A Distinctly British Evening

Sometimes life is cruel. Very cruel. One day everything can be going just fine until you lose a limb in a bizarre chainsaw juggling accident.

Or you could find yourself forced to work on an IT support helpdesk with the only thing keeping you from quoting lines of "The IT Crowd" at your clients is the steady pay cheque that keeps the roof over your head.

My dinner meeting was to be not with the hapless not-quite-good-enough amputee juggler, but with Dee the helpdesk girl who should by rights be in a rose-covered English country cottage penning some masterpiece with a fountain pen, while a cat gently purrs on her lap. Well, she has the cat, but it was my solemn duty to dump some Englishness right on the aforementioned lap. I had announced that I would be heading for England and invited my nearest and dearest to ask for what their heart desires. Some of my friends had chosen such delicacies as chocolate, a couple of kilograms of strong cheddar cheese, bacon and biscuits. Dee had asked for some typically British food items that were hard to get in Poland or, failing that, some food for the soul. Specifically a book "a nice and cheap one" should perchance I were to come across one.

So, off to England I went, with a spring in my step and a song in my heart. The good ship EasyJet saw me safely to England and, in turn, its bountiful supermarkets. I returned, shopping lists ticked off in full. Oh, yes and I did get that book, but more of that later...

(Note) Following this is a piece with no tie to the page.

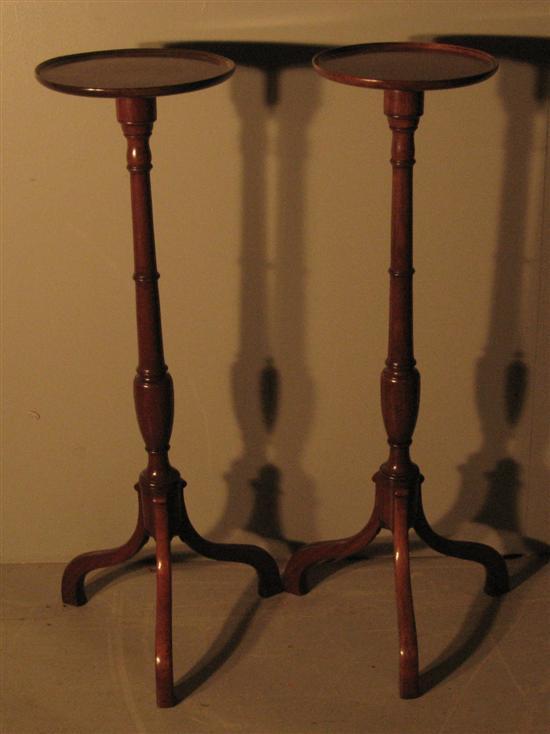 Appraisal: Pair of early twentieth century mahogany torcheres on turned column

Back in Kraków it was time to distribute the "presents." Cheese... delivered. Bacon... delivered. That just left those items I'd bought for Dee. We arranged to meet at The Dorsz. I would be handing over some British goodies to my lovely Anglophile friend in a distinctly British setting over a fish and chip supper. How terribly British, what could possibly be more apt?

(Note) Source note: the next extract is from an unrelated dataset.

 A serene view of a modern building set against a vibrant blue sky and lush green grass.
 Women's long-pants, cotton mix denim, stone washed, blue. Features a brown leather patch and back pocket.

It was whole fortnight after my return to Poland before we managed to meet. I carefully packed my bag. Camera (for photographing my dinner), magic stars, digestive biscuits (heaven knows how well they had survived the trip from England) and, not forgetting, the book. Despite my best efforts to arrive first Dee was there waiting for me. We ventured downstairs and, after ordering food and drinks, began the handing over ceremony. Magic Stars (two bags)... received gladly. Chocolate digestives... received gladly. Then the surprise mystery gift. The book was received very gladly indeed. Upon seeing the book (which was neither cheap nor easy to obtain) her eyes lit up like I'd pulled a blazing torch out of my bag rather than a collection of words printed on slightly off-white paper.

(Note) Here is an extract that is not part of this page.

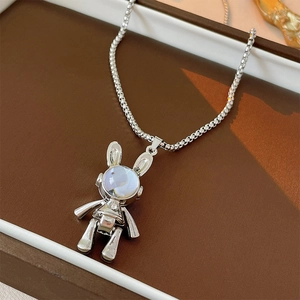 Mechanical silver rabbit necklace with iridescent gem stone in a brown gift box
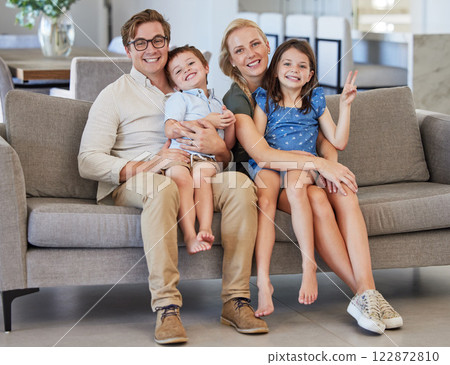 Mother, kids and father in a happy family portrait on sofa in a lovely home and enjoying quality time in the living room. Happiness, smile and young parents with smiling children relaxing together Mother, kids and father in a happy family portrait on sofa in a lovely home and enjoying quality time in the living room. Happiness, smile and young parents with smiling children relaxing together 122872810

As one not given to false modesty I must admit that I'm really rather good at buying presents (for some people anyway). The more I like/love/adore/admire a person the better the gift they will get. If I ever buy you a car they you should take it as read that I really, really like you and probably love, adore and admire you too. Anyway, Dee got her book and some fish and chips. I had offloaded my gifts and had basked in the warm glow of Dee's presence. It was time to pay the bill and I quietly snuck away to settle up. Then came the usual cat and mouse game of her wanting to contribute and me not accepting a single grosz. This time she even shoved her share of the bill into my pocket. Said money went back and forth between us a couple of times, before she gave up. I had "out-stubborned" her. A difficult and potentially dangerous gambit to be played between two Taureans. In the end we were both winners. For we parted that evening with both of us having something to look forward to. For her, it was that book. For me, it was our next meeting.